# offshore venice la



## mulletslayer (Oct 9, 2009)

went offshore with some outstanding gents from the us navy thanks guys really had a great time 

so any way booked trip with capt mike ellis out of venice la on the relentess that guy really knows his shit 

so after a 50 to 70 mile run in the gulf to the floaters we throw a small blue runner in the water 5 min we hook 

a 100 to 120 yellow fin tuna i thought i was tough until a hooked a real fish man they are strong whole new respect

for the fish anyways after 30 min and two fisherman later we land the fish. we ended up catching 7 more in 75 to 35 pound range 

sorry for only one pic jim will post the rest of the pics later thanks everyone


----------



## fisheye48 (Sep 28, 2007)

WELCOME!!! great first post...keep the reports coming


----------



## DoubleD (Oct 2, 2007)

Dave, that was a great trip! The fishing was great and the company even better.

For everyone that is wondering how they fish out there; we stopped at a close wreck fist for live bait and quickly loaded up on 20+ hardtails.
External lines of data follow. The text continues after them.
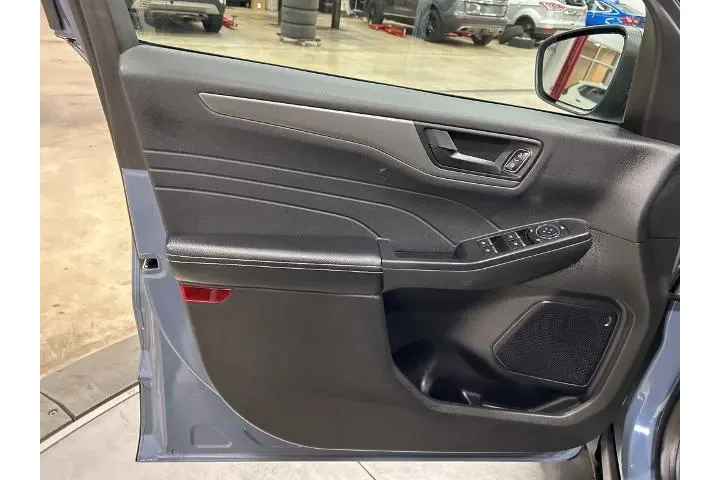 $24989 : Ford Escape 2023 AWD Active image 10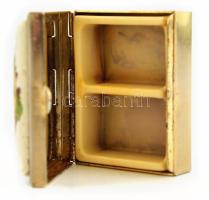 Pici fém ékszertartó, porcelán tetővel, jó állapotban, 3,2x4,4x1,5 cm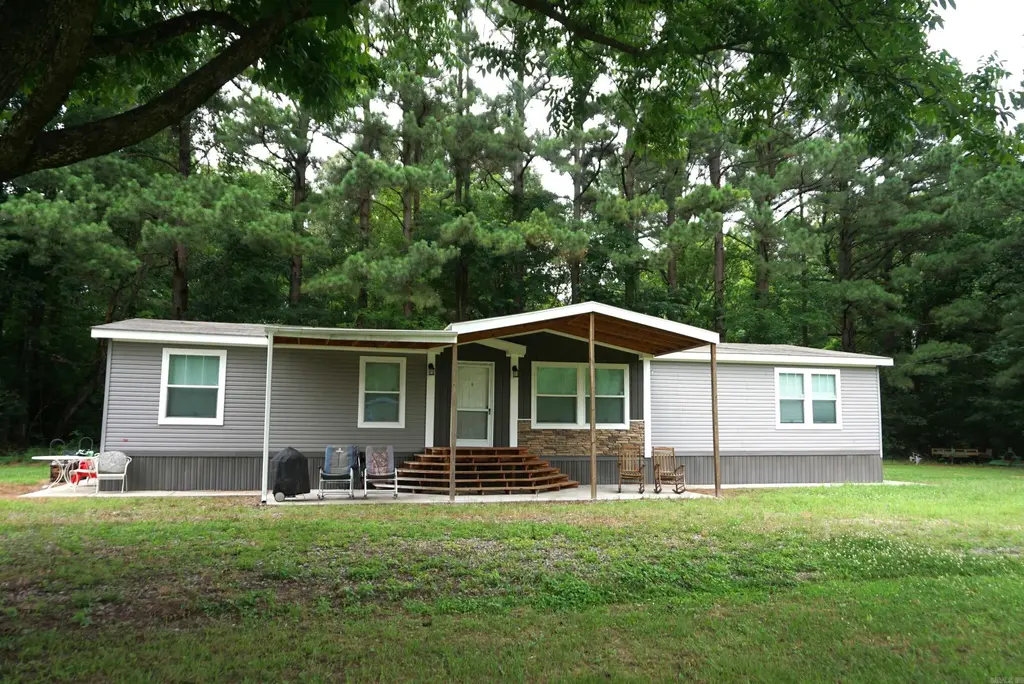 1305 Jones Island, Searcy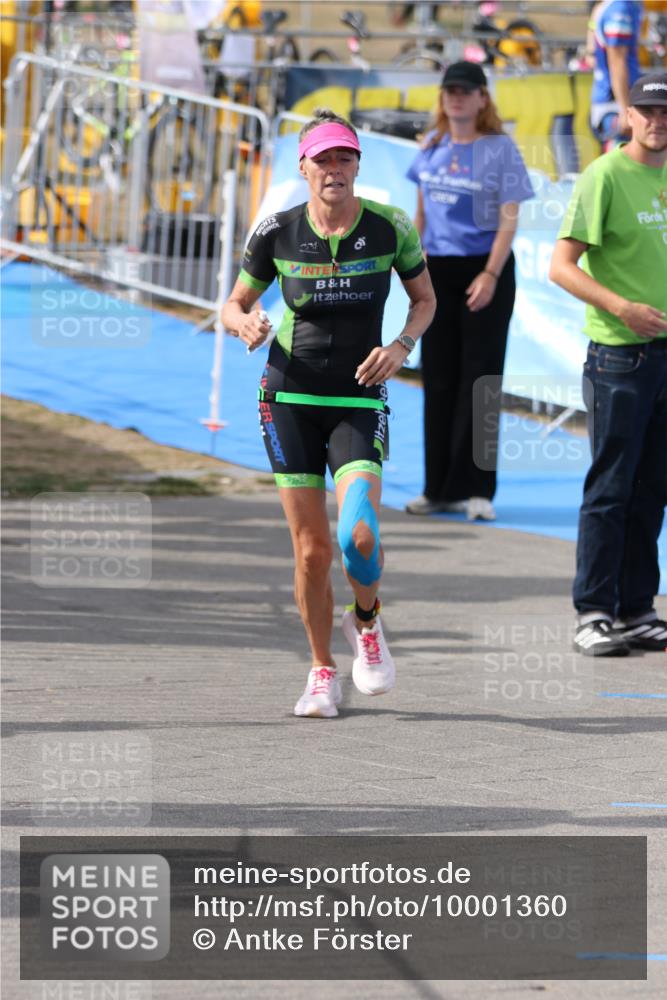 16.08.2026 - KN Förde Triathlon 2026 Antke Förster http://msf.ph/oto/10001360 16.08.2026 16:05:55 Laufen  meine-sportfotos.de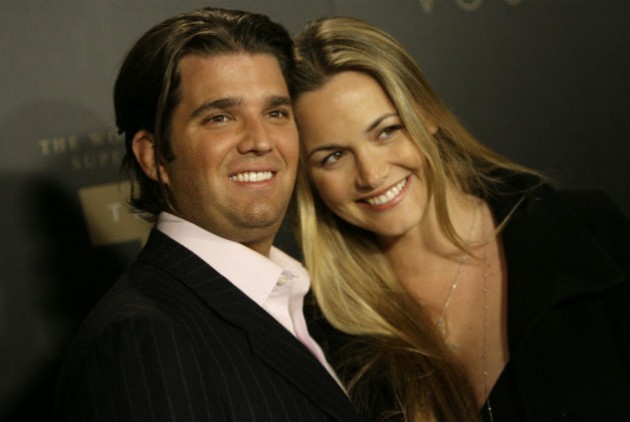 Συναγερμός στον Λευκό Οίκο:  Η σύζυγος του Ντόναλντ Τραμπ Τζούνιορ ήρθε σε επαφή με ύποπτη λευκή σκόνη και μεταφέρθηκε στο νοσοκομείο - Ακίνδυνη αποδείχθηκε η ουσία  - Media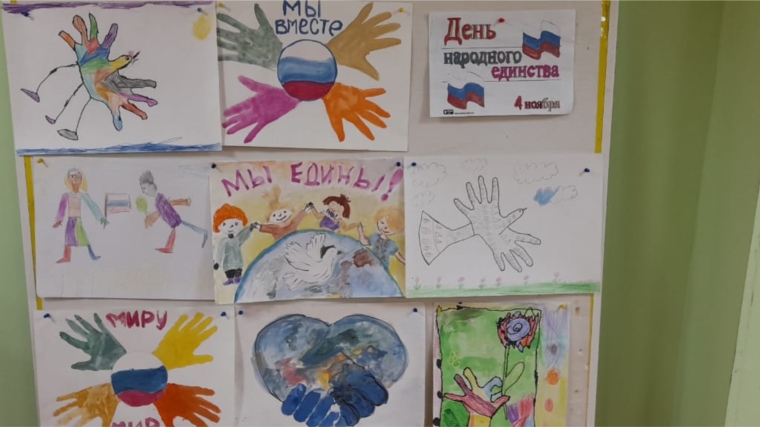 Выставка детских рисунков "Мы вместе" в Тинсаринском СК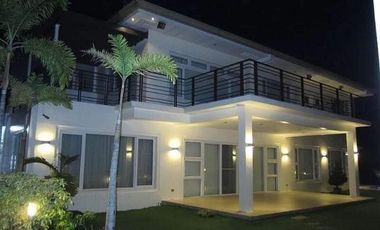 Luxury House and Lot with Pool and Jacuzzi in Antipolo City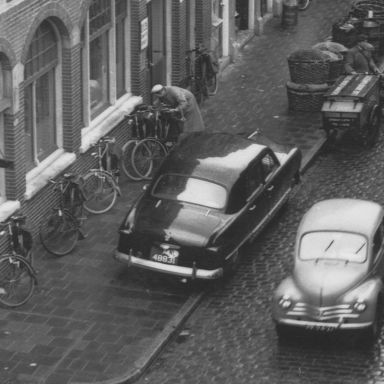 Kenteken: A 48831; Ford, Groningen, Pelsterstraat ca. 1955, foto: uitsnede 1785-25339.jpg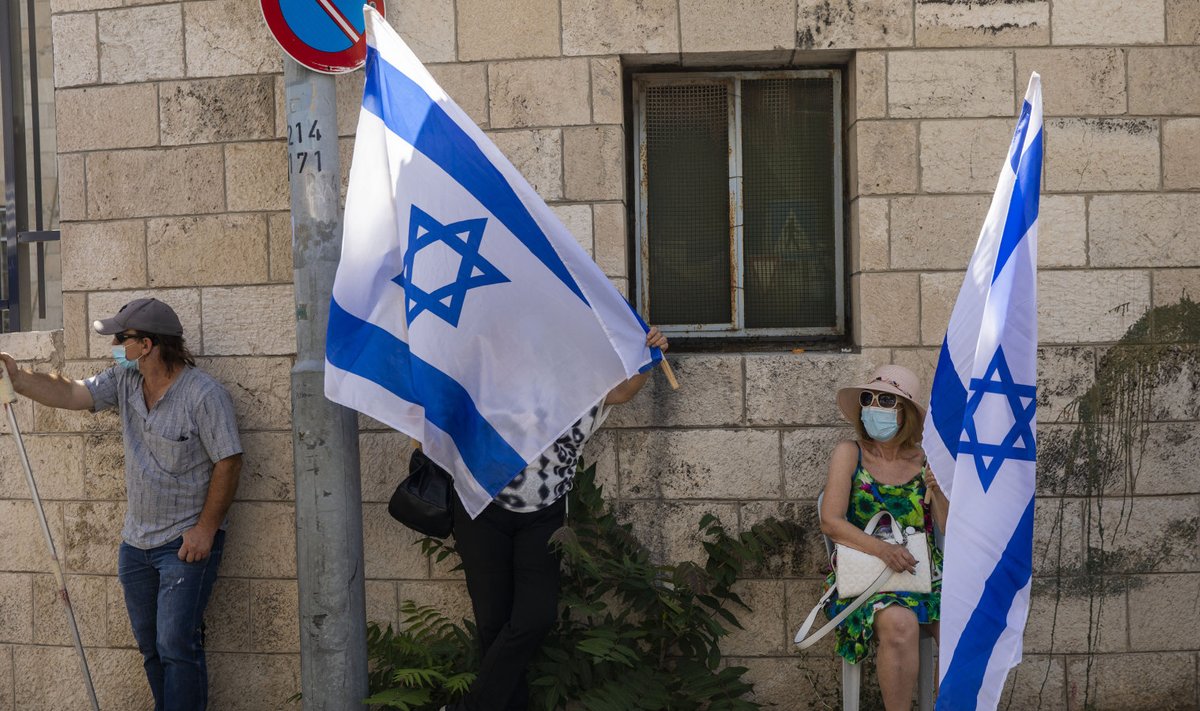 Benjamin Netanyahu poolehoidjad Iisraeli lippudega.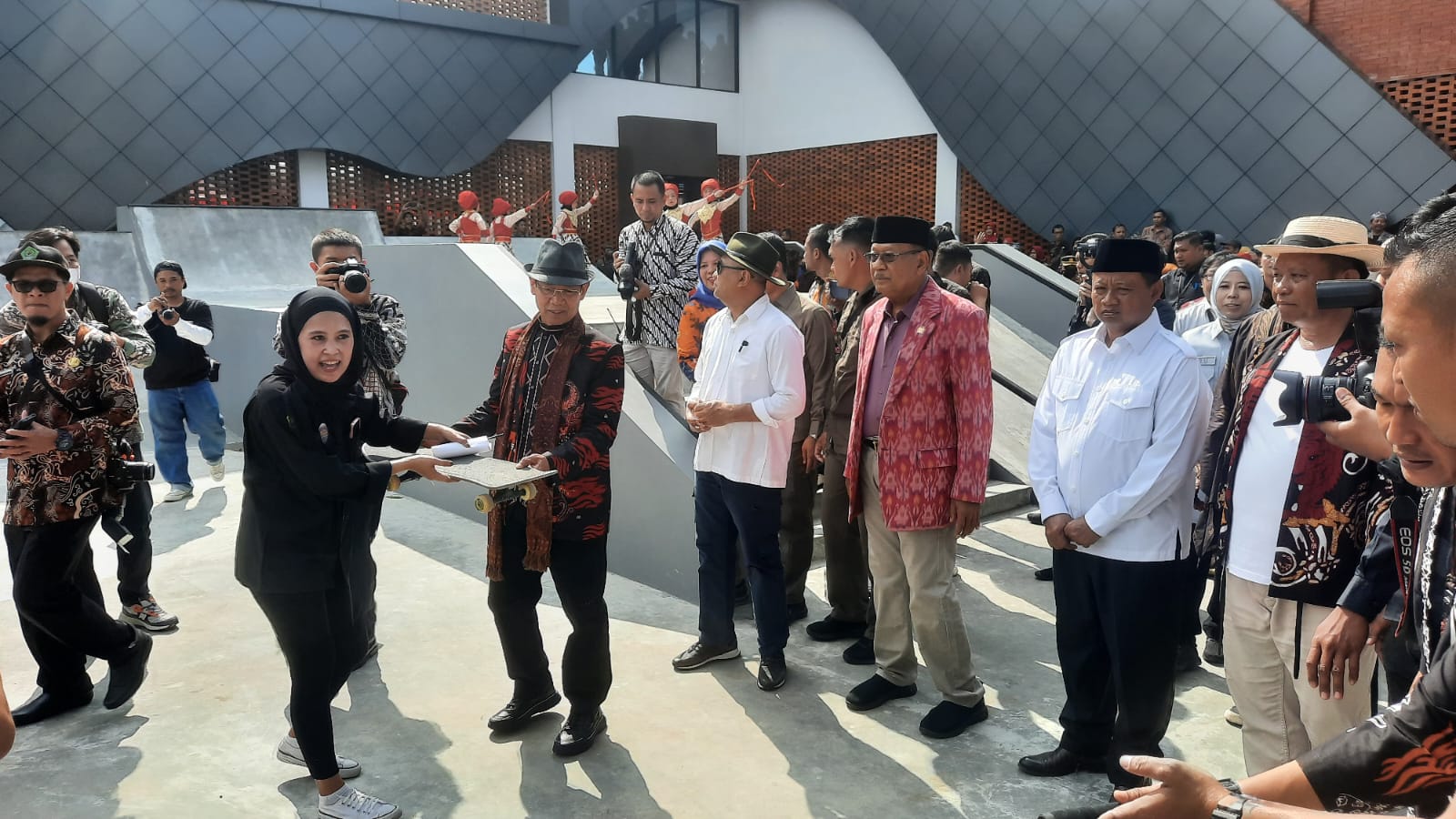 bupati-majalengka-resmikan-hasil-hasil-pembangunan-tahun-2022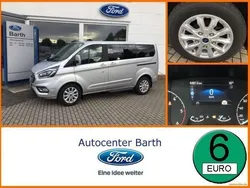 Polarsilber (metallic) Gebraucht 2023 Ford Tourneo Custom Titanium Van / Kleinbus | 40.390 € (Superpreis)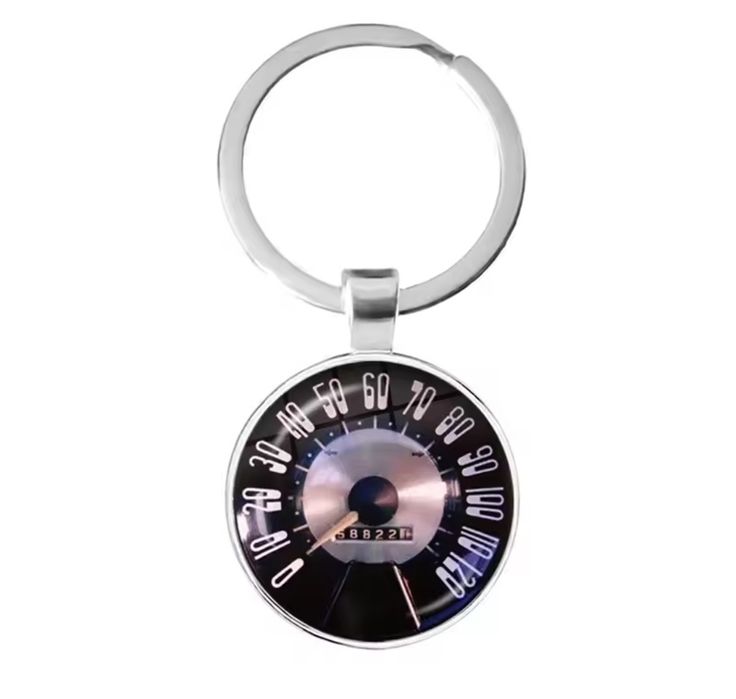 Різні брелоки на автомобільну тематику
The hardtails we kept were smaller than I would have expected, if they were larger than the length of your hand they went back. From there we headed out to the far floaters but stopped after about five miles for some open water tuna that were under a frigate bird. That stop should definetly put the blue/green water debate to rest, the water was a nasty,dirty green that you could hardly see into but full of beautifull tuna. They will go where ever the bait is. We caught one small yellowfin at this stop and Jim T had nice 60-80 lb yellow blow-up on his popper. If you have never seen fish this size crash a topwater lure, it is truly heart stopping. From there we headed out to the floaters like Dave said and bump trolled live hardtails. We only fishing two baits at a time and that was plenty with the amount of action we had. When the bite slowed down Capt. Mike kept two baits in but would live chum with the extra hardtails whenever we had tuna under the boat and would get a bite almost every time.

Mike, I told the Capt. hi for you and he definitely remembered you and your dad. He said he had a great time with you guys.

Between Capt. Mike Ellis and his boat the 33' Freeman, I don't think there is a better charter out of Venice. He works his butt off and will do what ever it takes to catch some fish. 

Dustin


----------



## BlueH20Fisher (Mar 20, 2008)

Mike is awesome and knows his tunas. One thing about Venice though, just because it's green or even brown on top, doesn't mean it's not beautiful blue 1' down. It's truly a sportsman's paradise. Congrats on a good trip.


----------



## mdrobe2 (Oct 12, 2007)

Thanks for the mention Dustin and I am glad Captain Mike knows the PFF is sending him some business. We had a great 2 days fishing with him and plan to do it again soon! Really glad you all got on some fish!


----------



## chefpomp (Apr 16, 2009)

Nice tuna. Should be able to get some nice steaks out of that.


----------